Thanks you, Sir. Have a great weekend.
Surapon


----------



## neuroanatomist (Mar 28, 2015)

The ST-E3-RT has only RF control so can only control 600EX-RT flashes. 

The 90EX has only optical control so can control any Canon flash with slave capability (270EX II up to 600EX).

The 600EX-RT has both optical and RF control, but can't use them simultaneously.


----------



## surapon (Mar 28, 2015)

neuroanatomist said:


> The ST-E3-RT has only RF control so can only control 600EX-RT flashes.
> 
> The 90EX has only optical control so can control any Canon flash with slave capability (270EX II up to 600EX).
> 
> The 600EX-RT has both optical and RF control, but can't use them simultaneously.

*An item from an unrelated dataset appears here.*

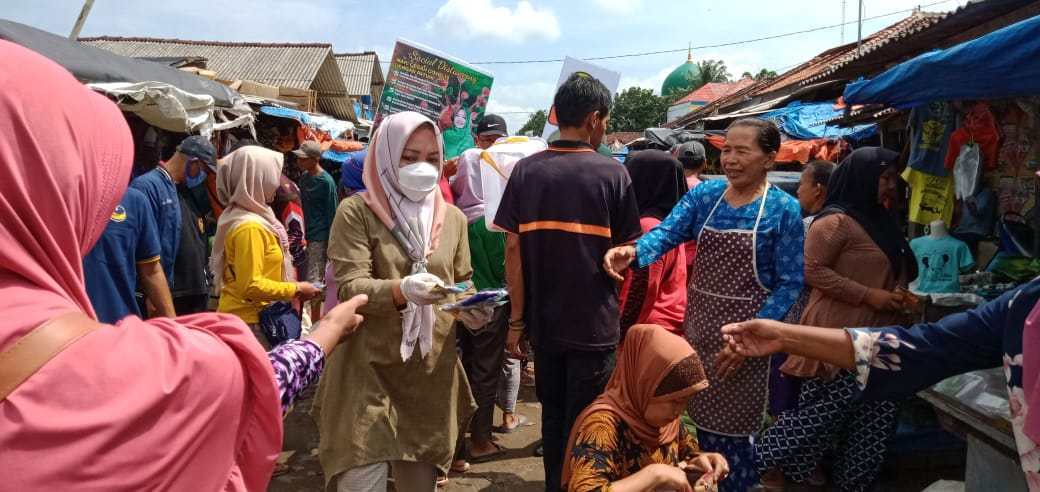 Nessy Bersama Relawan Bersinar Kembali Bagikan Masker dan Hand Sanitizer Nessy Bersama Relawan Bersinar Kembali Bagikan Masker dan Hand Sanitizer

Thousand Thanks, Dear Great Teacher Mr. neuroanatomist 
Well, In This Case, I might buy 90EX to use as Master Flash---And I will not bring Heavy Phottix Odin with 4 Receivers Just For when I use only EOS-M, and 2 More Old Canon Flashes 550 EX, and 580 EXII.
Thanks again, Sir.
Have a great Weekend.
Surapon.


----------